Importing Data into Hive with Sqoop - dummies

Importing Data into Hive with Sqoop

By Dirk deRoos

Here, you import all of the Service Order Database directly from MySQL into Hive and run a HiveQL query against the newly imported database on Apache Hadoop. The following listing shows you how it’s done.

hive> create database serviceorderdb;
OK
Time taken: 1.343 seconds
hive> use serviceorderdb;
OK
Time taken: 0.062 seconds
$ sqoop import --connect jdbc:mysql://localhost/serviceorderdb 
   --username root -P 
   --table productinfo 
   --hive-import 
   --hive-table serviceorderdb.productinfo -m 1
Enter password:
...
13/08/16 15:17:08 INFO hive.HiveImport: Hive import complete.
$ sqoop import --connect jdbc:mysql://localhost/serviceorderdb 
   --username root -P 
   --table customercontactinfo 
   --hive-import 
   --hive-table serviceorderdb.customercontactinfo -m 1
Enter password:
...
13/08/16 17:21:35 INFO hive.HiveImport: Hive import complete.
$ sqoop import --connect jdbc:mysql://localhost/serviceorderdb 
   --username root -P 
   --table serviceorders 
   --hive-import 
   --hive-table serviceorderdb.serviceorders -m 1
Enter password:
...
13/08/16 17:26:56 INFO hive.HiveImport: Hive import complete.

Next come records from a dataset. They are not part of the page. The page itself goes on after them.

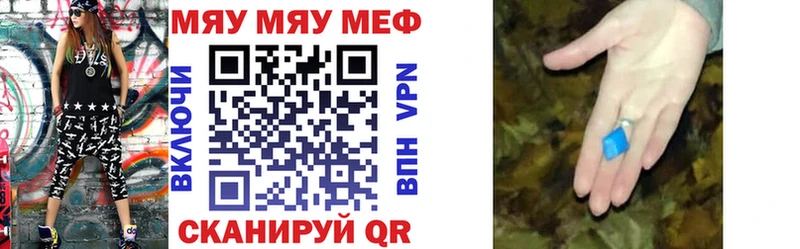 Меф мяу мяу МЕГА как зайти Новороссийск купить наркоту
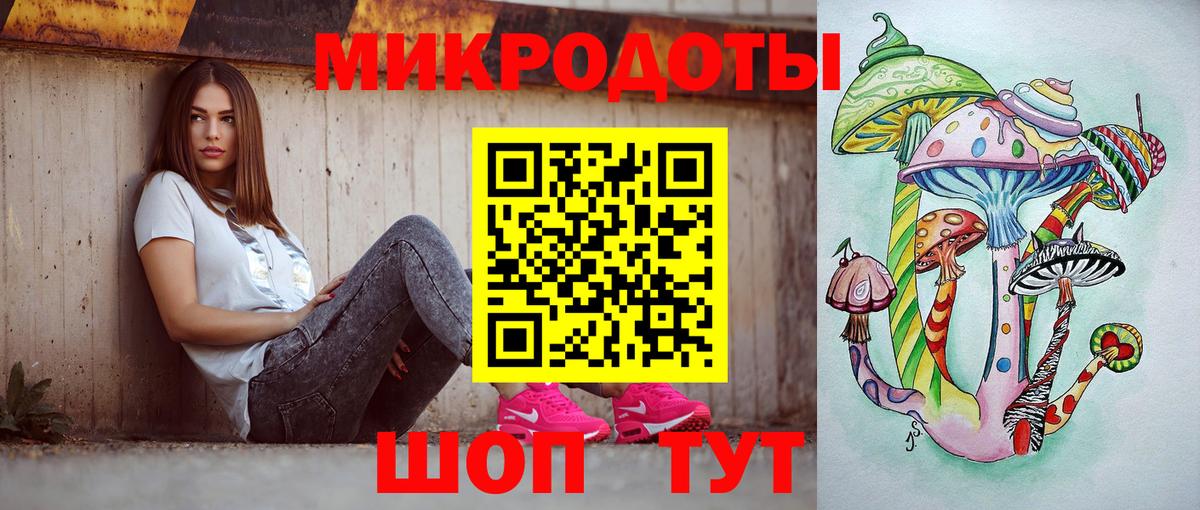 Псилоцибиновые грибы мицелий  Вход с VPN  Псилоцибиновые грибы прущие грибы  Осинники 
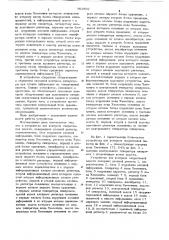 Устройство для контроля оперативной памяти (патент 752502)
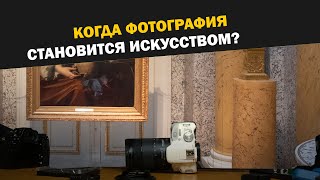 Когда фотография становится искусством: выразительность и содержательность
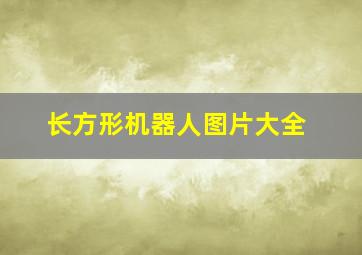 长方形机器人图片大全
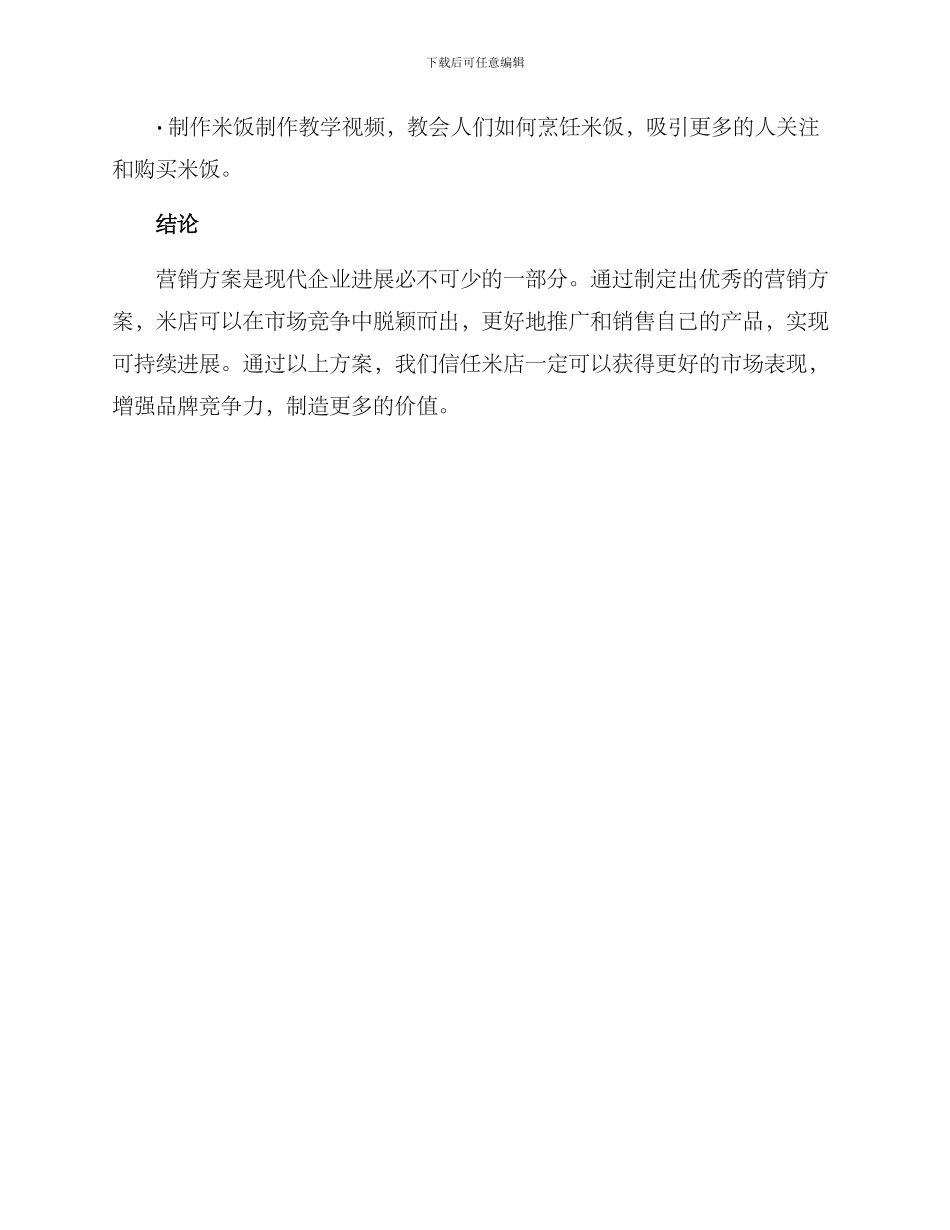 米店营销方案_第3页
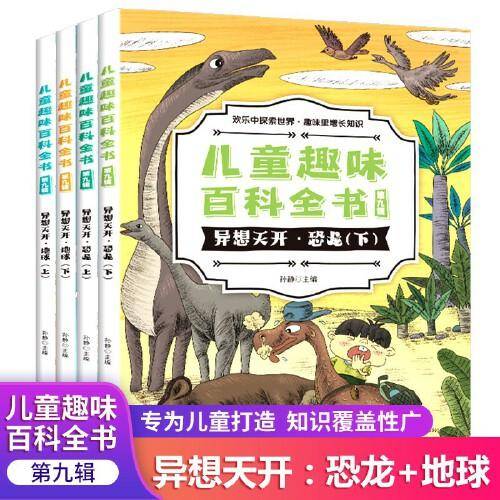 儿童趣味百科全书第九辑 全4册  异想天开 恐龙 地球 3-6-9-12岁亲子阅读绘本故事早教启蒙认知读物科普书籍 兵器武器中国历史百科全书 世界未解之谜漫画书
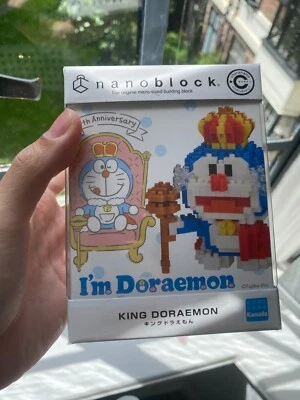 New Nanoblock I'm Doraemon King Doraemon cn-25 (official product) - Image 1 of 2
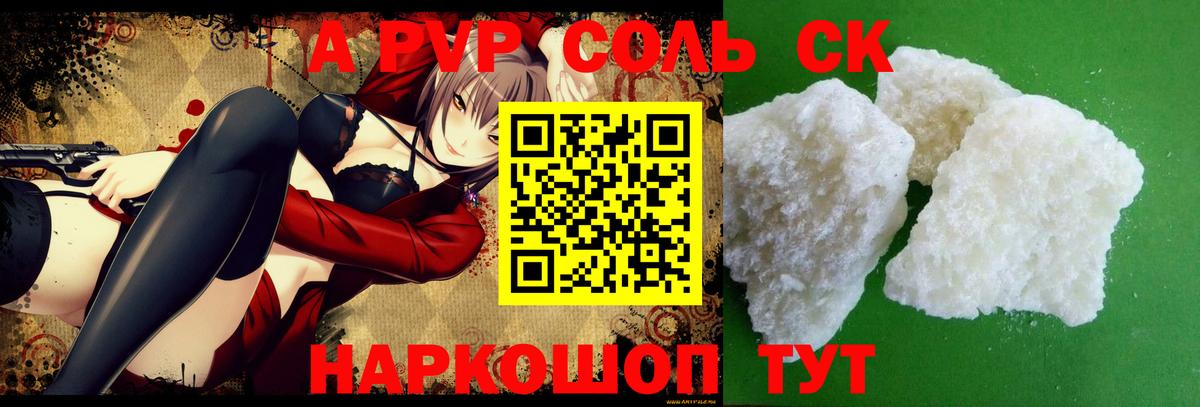 A PVP СК КРИС Ковров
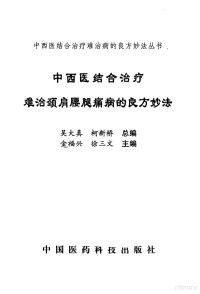 金福兴，徐三文主编, Fuxing Jin, Sanwen Xu, 金福興, 徐三文, 金福兴, 徐三文主编, 金福兴, 徐三文, 金福興, 徐三文主編, 金福興, 徐三文, 金福兴等主编, 金福兴, 徐三文 — 中西医结合治疗难治颈肩腰腿痛病的良方妙法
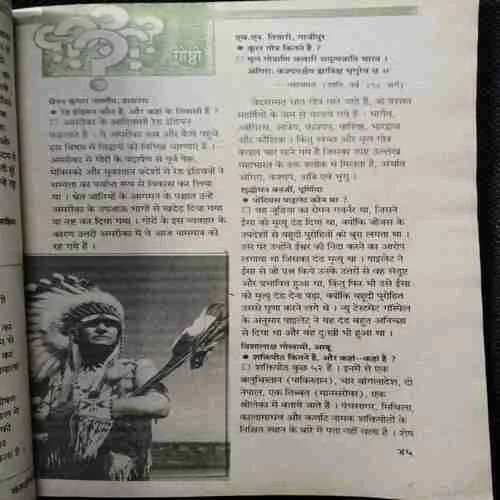 Kadambini (December 1992)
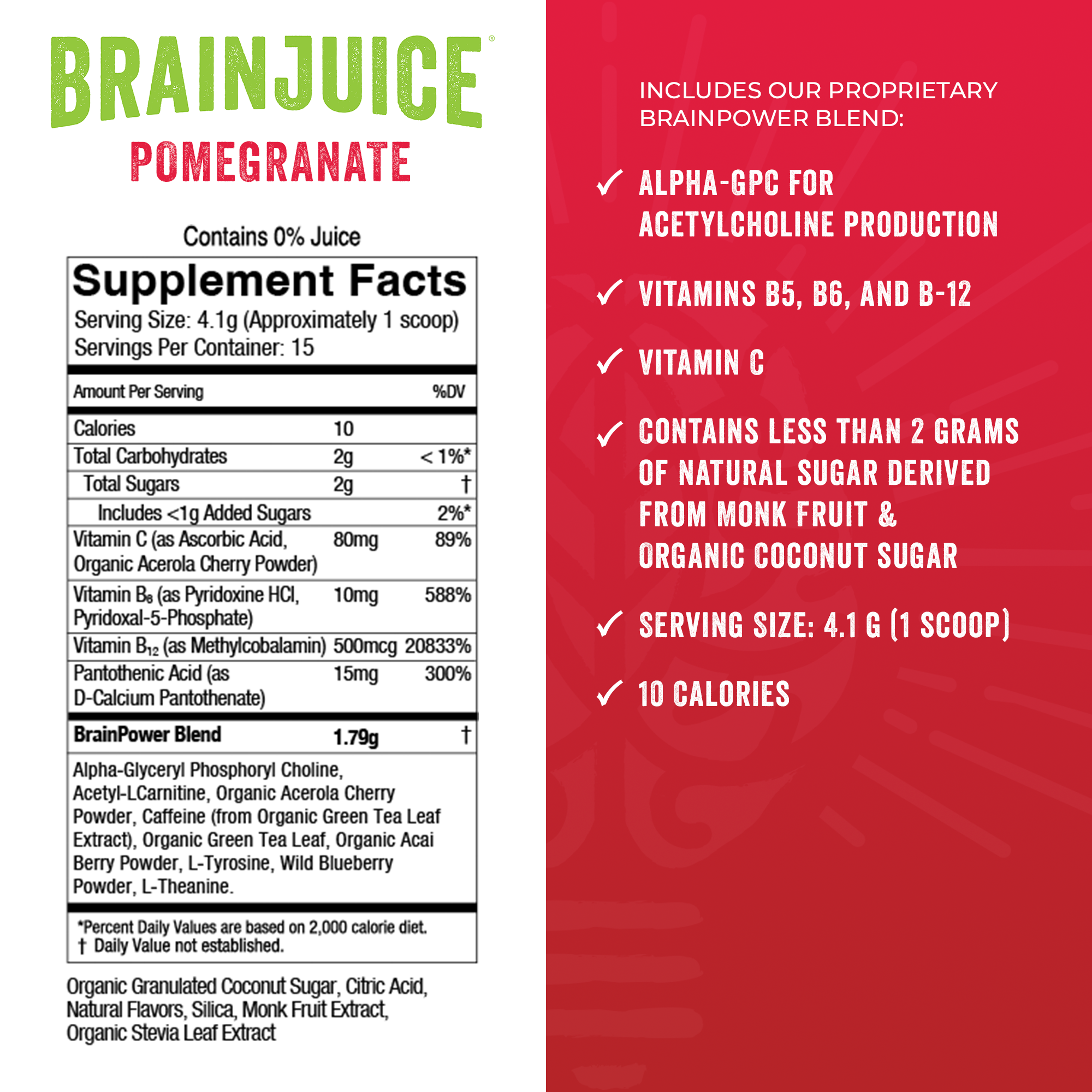 BrainJuice Pomegranate Daily BrainPower Mix - 15 Servings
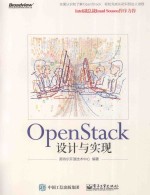 Open Stack设计与实现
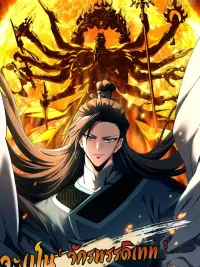 ปกมังงะ Don't Tell Me You Think Cultivating Immortality Is Difficult? - จะเป็นจักรพรรดิเทพมันจะยากซักแค่ไหน?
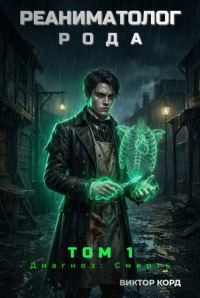 Обложка книги «Диагноз: Смерть»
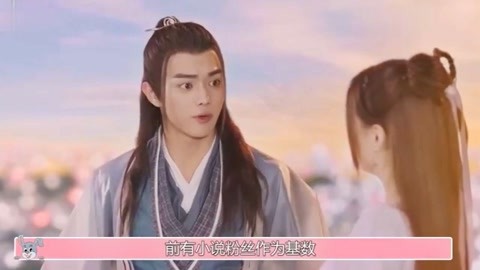 r星出品 一种颠覆性的文化现象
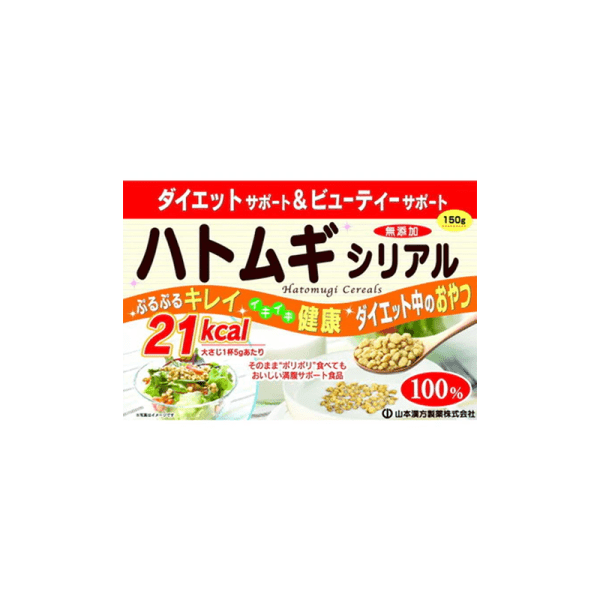 YAMAMOTO KANPO Hatomugi (Pearl Barley) Cereals 75 g x 2 pcs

When the import operations are complete, you run the show tables command to list the newly imported tables (see the following listing):

hive> show tables;
OK
customercontactinfo
productinfo
serviceorders
Time taken: 0.074 seconds

Then run a Hive query to show which Apache Hadoop technologies have open service orders in the database:

hive> SELECT productdesc FROM productinfo
   > INNER JOIN serviceorders
   > ON productinfo.productnum = serviceorders.productnum;
...
OK
HBase Support Product
Hive Support Product
Sqoop Support Product
Pig Support Product
Time taken: 28.552 seconds

You can confirm the results. You have four open service orders on the products in bold. The Sqoop Hive import operation worked, and now the service company can leverage Hive to query, analyze, and transform its service order structured data.

Additionally, the company can now combine its relational data with other data types (perhaps unstructured) as part of any new Hadoop analytics applications. Many possibilities now exist with Apache Hadoop being part of the overall IT strategy!